「ぶーわー」は近藤久也の個人誌。A4紙を二つ折りにした4頁。
「ふつうというふあん」松岡政則はゲスト作品。松岡の作品には、いつもその強さに圧倒される。それは一読では暴力的とも思えるような強さなのだが、読み込めば繊細な弱さと表裏になっていることがひしひしと伝わってくる。それゆえの作品の強さなのだ。
自分がうすくなって誰だかわからなくなって
ふつうを演じていないと死んでしまうわたしら、
もとの自分には戻れないわたしら、
いいやもうわたしらというな
集団を主語とするな主体とするな
この作品では「意図的に構造的に」作られている”ふつう”であることの”不安”が描かれている。いろいろな世界の他者とは【ズレ】てしまう。「【ズレ】とは躊躇いのことだろうか」とも話者は呟く。”ふつう”はかなしくておそろしいのだ。
「花を売る」近藤久也。むかしは、貨幣を知らなかったひとはものを交換して手に入れた。
交換した 貨幣ではなく
なにかと花を
ものかげでこっそりと恥ずかしげに
花の美しさと、なにか大切なものを
今、花を売ったり、コンビニで水を売ったりするのは、「それは虚業」なのだ。話者は大量に運ばれてきて水を与えられている高価なバラを見ている。
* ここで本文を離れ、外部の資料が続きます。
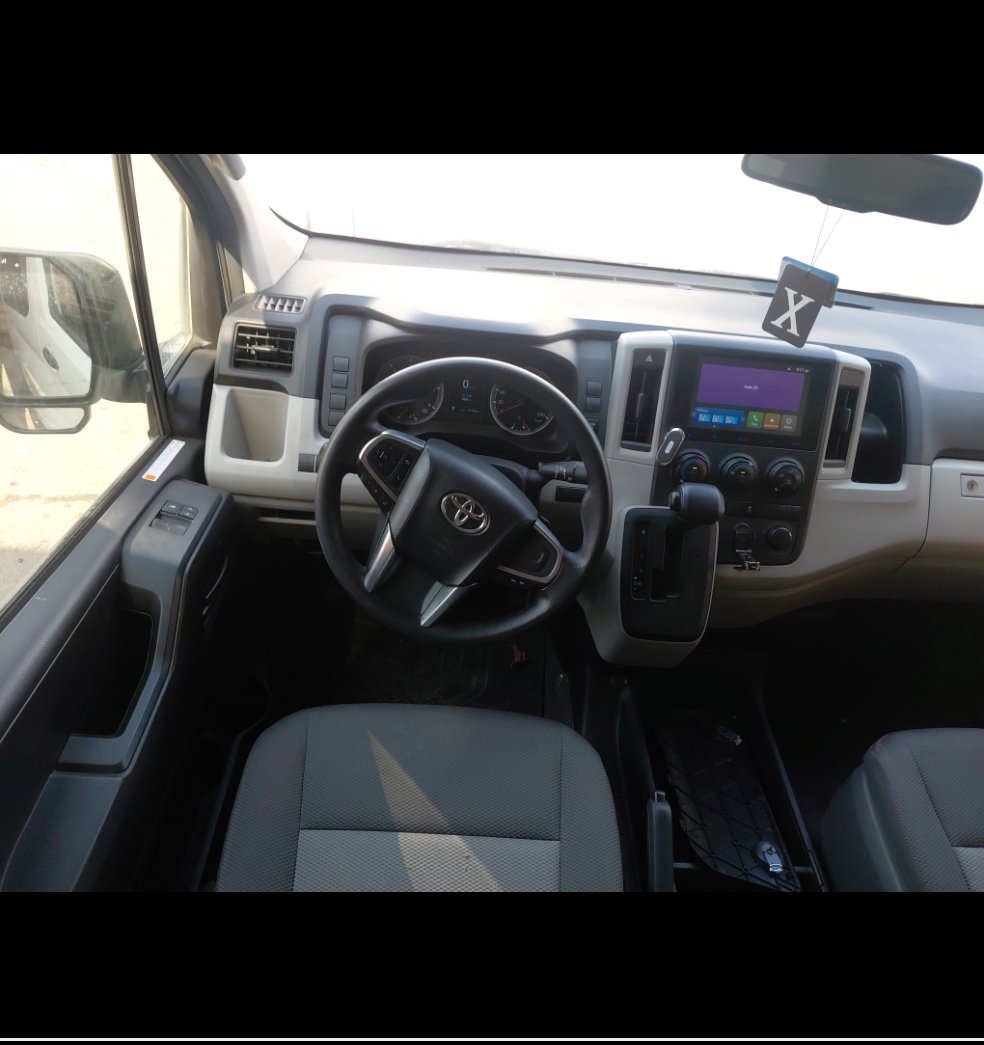 Toyota Hiace Bus  2025 image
そして「ほんとのバラはいまも/知らないひとの知らないなにかと/果てもなく/交換されていくのである虚ろに」と言う。今はお金さえ払えば何でも入手できる時代だが、むかし大切なものとの交換でしか手に入らなかったものは、その人にとっての代替の効かない大切なものになったのだろう。
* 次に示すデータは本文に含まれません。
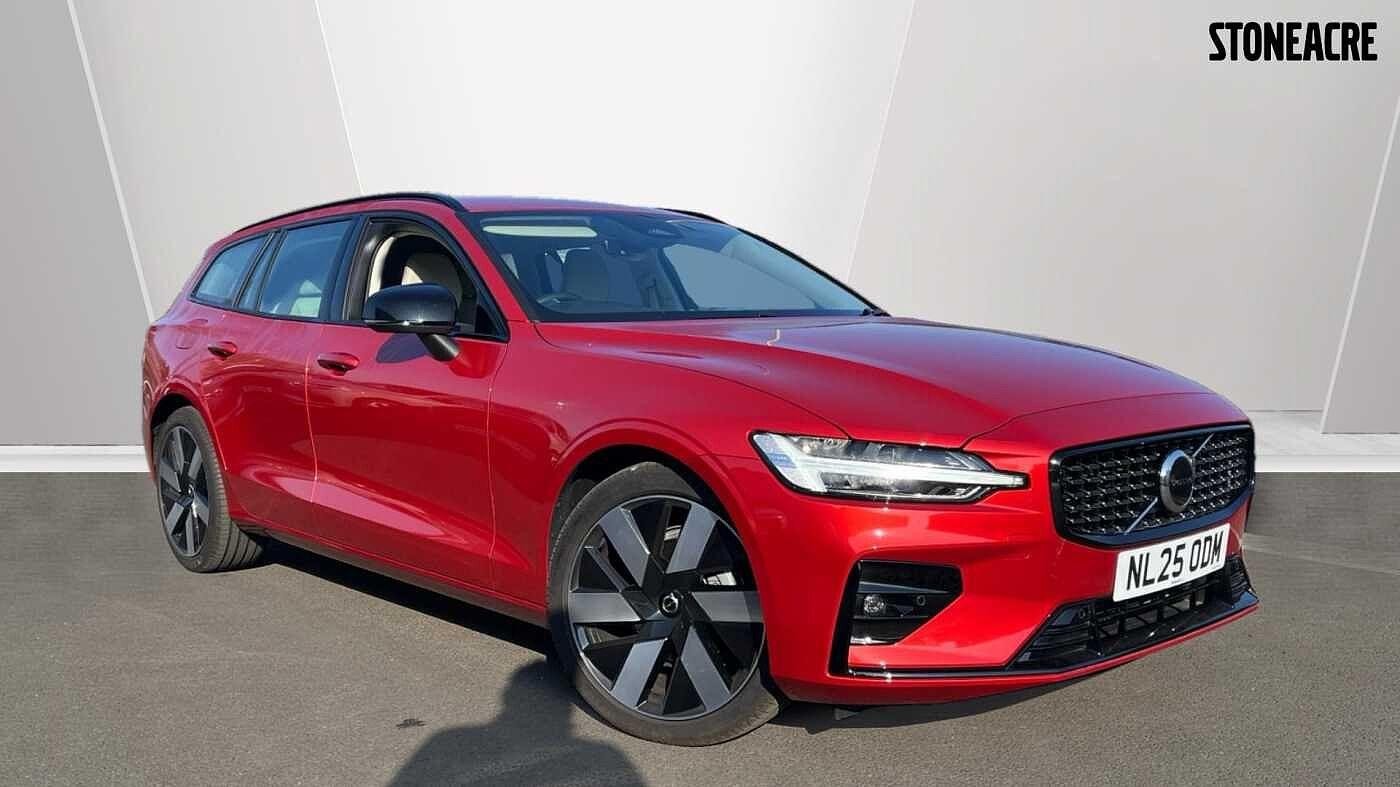 Main listing image - Volvo V60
あとがきのようなところで近藤はAIが書く詩について触れている。AIは命令に応じていくらでも”詩”を書いてくるが(それもほんの10秒ほどで)、それを詩として受け止めることができるのだろうか。近藤は、AIが持ち得ない「詩を書きたいという意志が重要に思える」と述べている。まったく同感である。